= Beginning of Section =
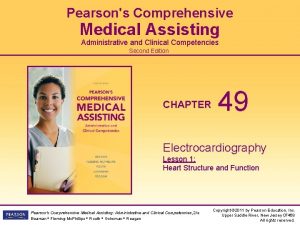 Pearsons Comprehensive Medical Assisting Administrative and Clinical Competencies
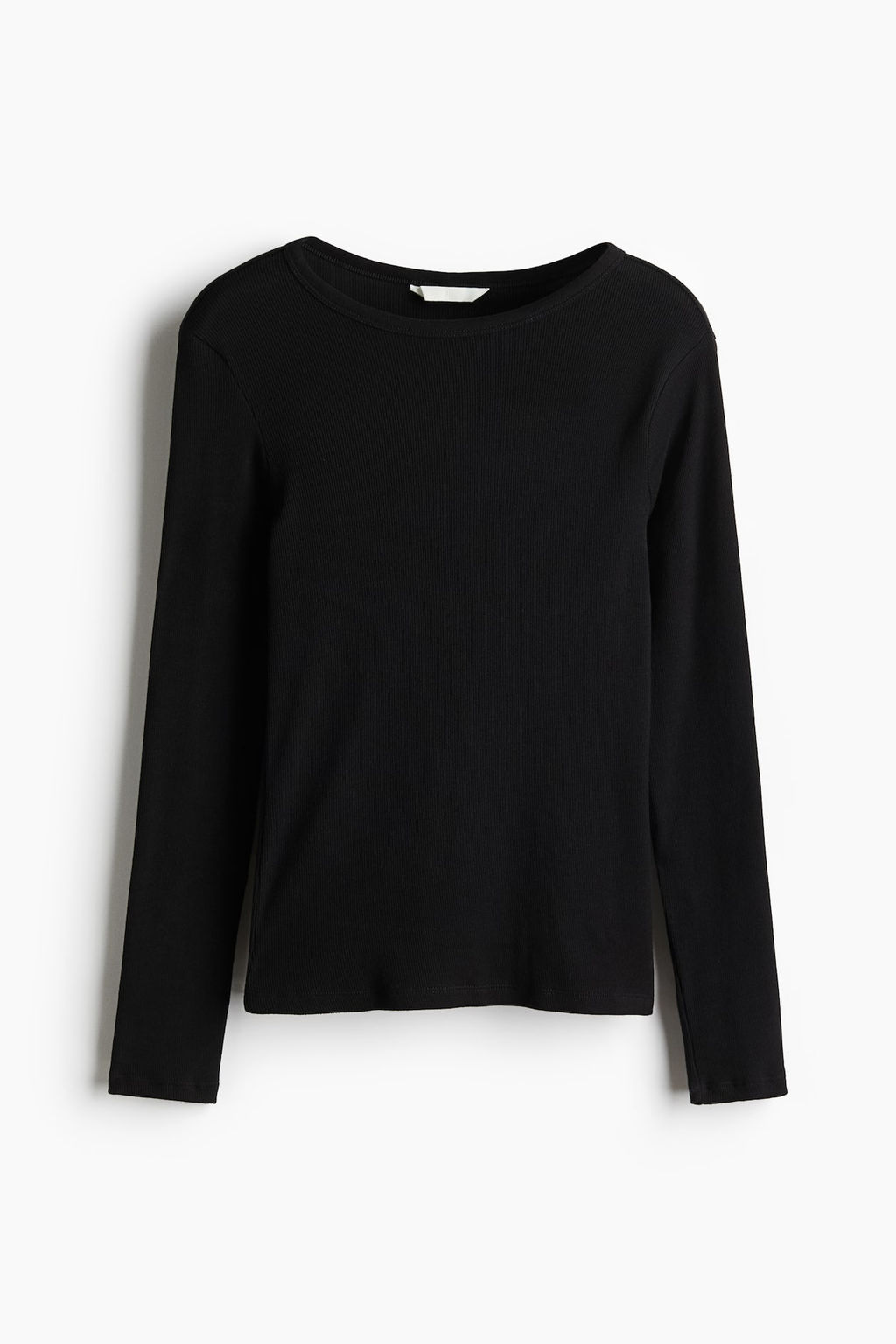 Camiseta de algodon acanalado - H&m фото 4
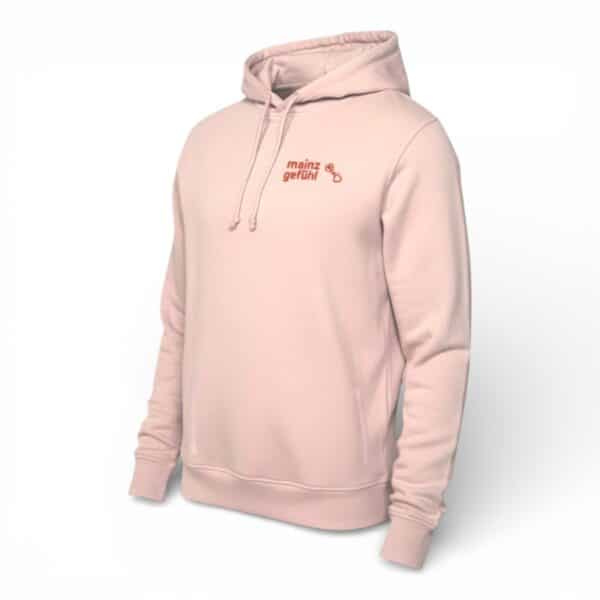 #mainzgefühl Hoodie – Rosa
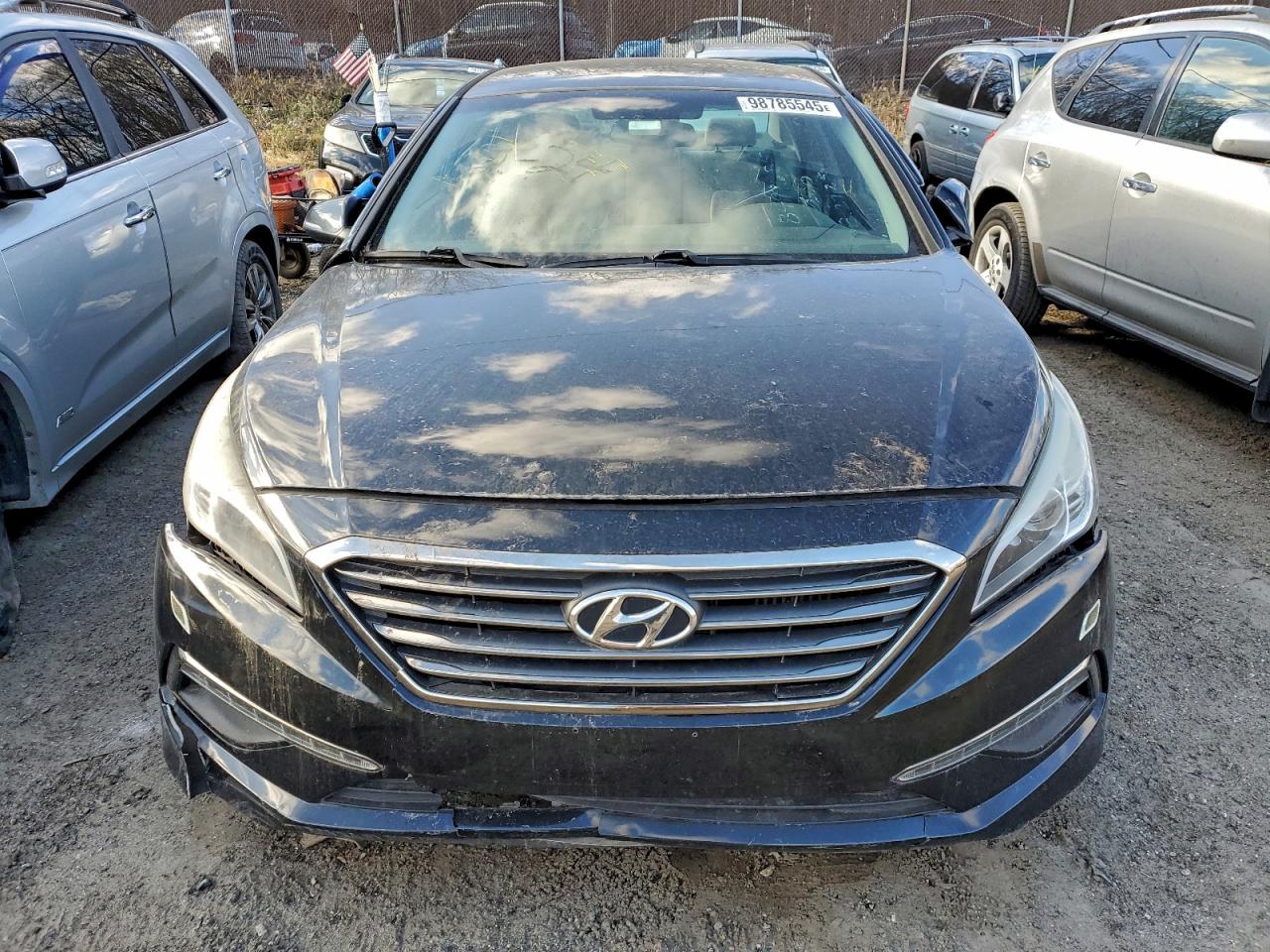 2015 HYUNDAI SONATA ECO photo 5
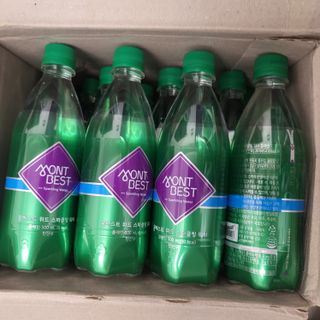몽베스트 Montbest with Sparkling water Plain 20병 — 4.5점을 준 리뷰어가 2022년 9월 올린 사용 사진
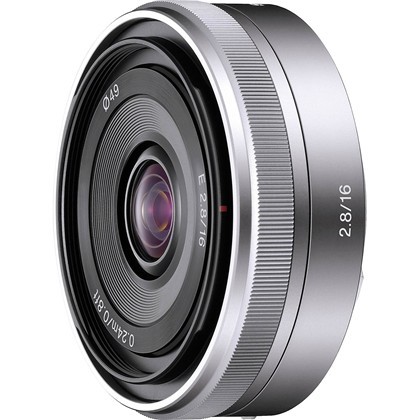 Sony E-Mount SEL16F28 16mm f/2.8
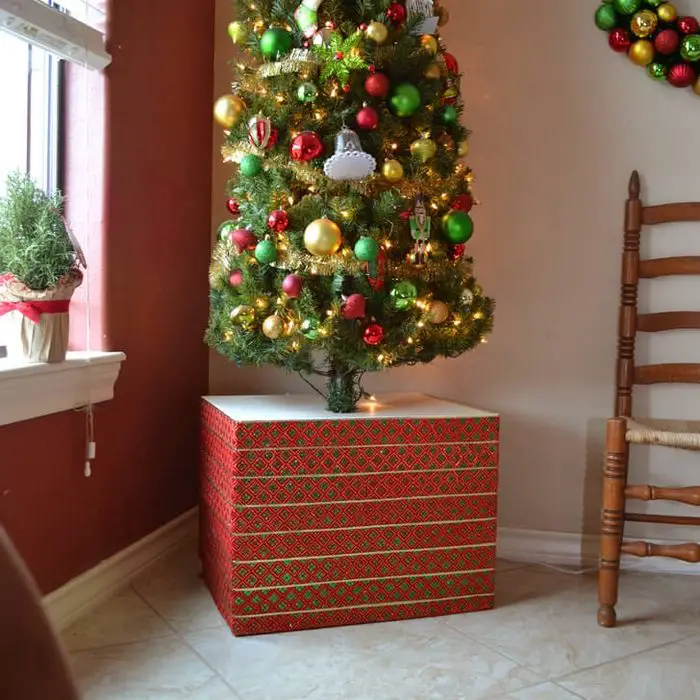 Christmas Tree Base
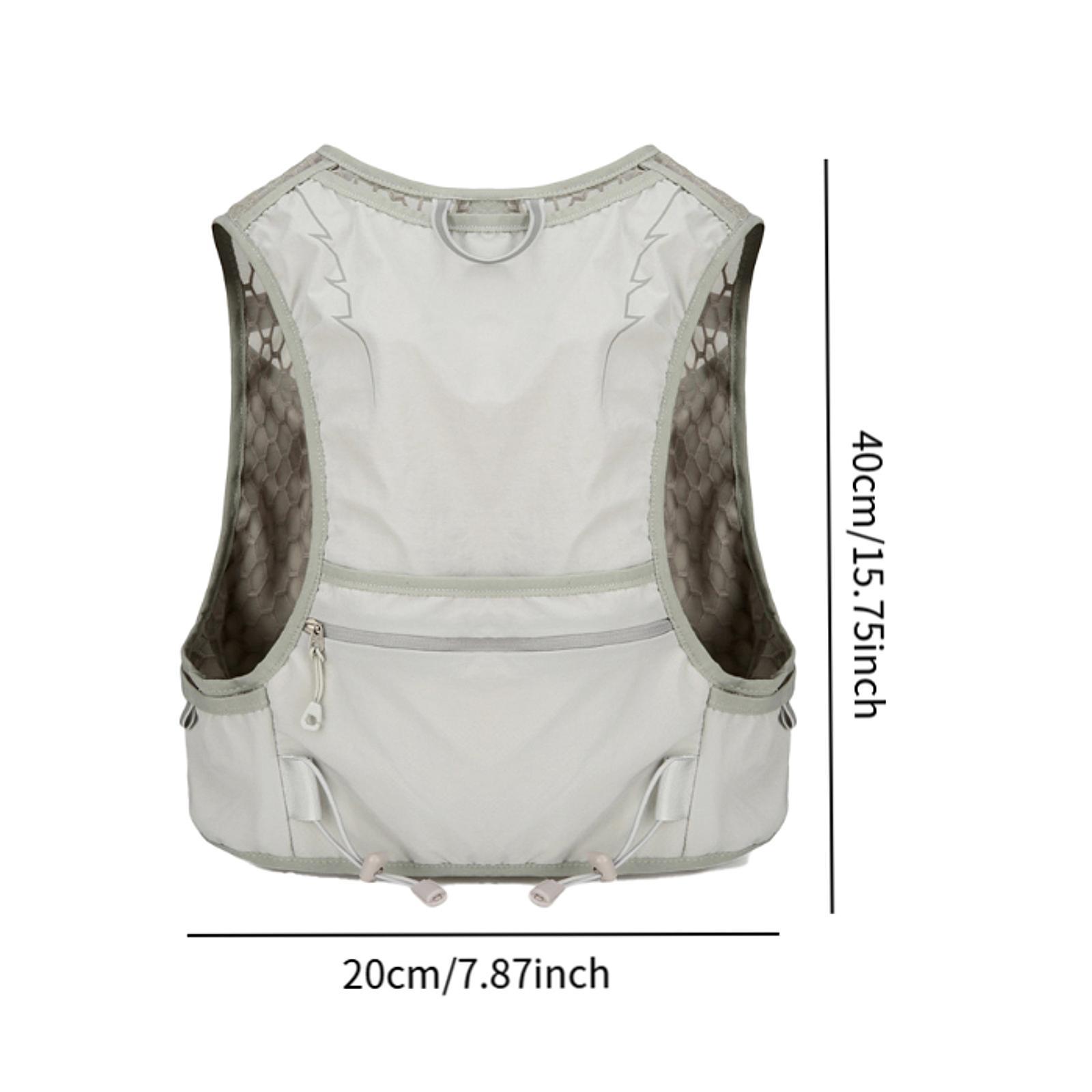 Hydration Vest with Multiple P - Running Gear For Marathon ulasan dan harga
= End of Section =
**Task brief**
What you return should be the full listing, unchanged, minus the pictures.

**Answer area**
 Pearsons Comprehensive Medical Assisting Administrative and Clinical Competencies
 Camiseta de algodon acanalado - H&m фото 4
 #mainzgefühl Hoodie – Rosa
 2015 HYUNDAI SONATA ECO photo 5
몽베스트 Montbest with Sparkling water Plain 20병 — 4.5점을 준 리뷰어가 2022년 9월 올린 사용 사진
 Sony E-Mount SEL16F28 16mm f/2.8
 Christmas Tree Base
 Hydration Vest with Multiple P - Running Gear For Marathon ulasan dan harga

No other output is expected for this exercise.